High TSH on Your Blood Test

What an elevated TSH means, subclinical versus overt hypothyroidism explained, Hashimoto's disease, when to treat, and the full GP workup — in plain English.

The Quick Answer

TSH (thyroid-stimulating hormone) is produced by the pituitary gland and acts as the volume control for your thyroid. When thyroid hormone levels are low, the pituitary produces more TSH to push the thyroid to work harder. A high TSH therefore means your pituitary is trying to stimulate an underperforming thyroid — the hallmark of hypothyroidism (underactive thyroid).

The Australian normal range is approximately 0.4 to 4.0 mIU/L. The critical next step after a high TSH is to check free T4: if free T4 is normal, it's subclinical hypothyroidism (the thyroid is compensating). If free T4 is also low, it's overt hypothyroidism requiring treatment. In Australia, Hashimoto's autoimmune thyroiditis is by far the most common cause.

Normal: 0.4 – 4.0 mIU/L
Mild subclinical: 4.0 – 10 mIU/L
Marked subclinical: > 10 mIU/L
Overt hypothyroidism: > 4.0 mIU/L
Myxoedema coma: Very high

The TSH-Thyroid Axis — Why TSH Is Such a Sensitive Indicator

The hypothalamic-pituitary-thyroid (HPT) axis is a beautifully sensitive feedback loop. The hypothalamus releases TRH (thyrotropin-releasing hormone), which signals the pituitary to release TSH. TSH then stimulates the thyroid to produce T4 (thyroxine) and T3 (triiodothyronine). Rising T3 and T4 then feed back to suppress TSH — a classic negative feedback system.

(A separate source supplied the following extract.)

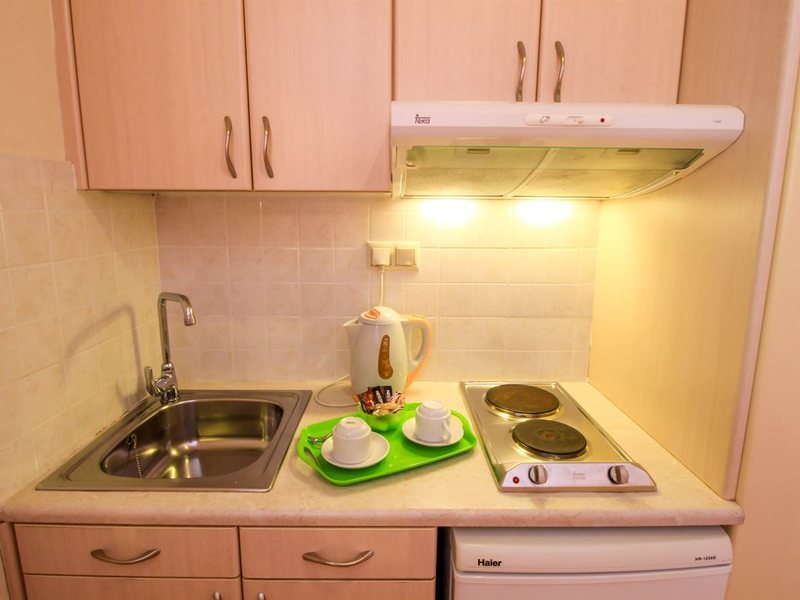 Bella Vista Hotel & Studios (ex 254923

The pituitary responds to very small changes in free T4 with logarithmically amplified TSH changes — meaning TSH is a far more sensitive thyroid indicator than T4 itself. A marginal fall in free T4 that would be imperceptible in a T4 measurement can cause TSH to double or triple. This is why TSH is the recommended first-line thyroid screening test.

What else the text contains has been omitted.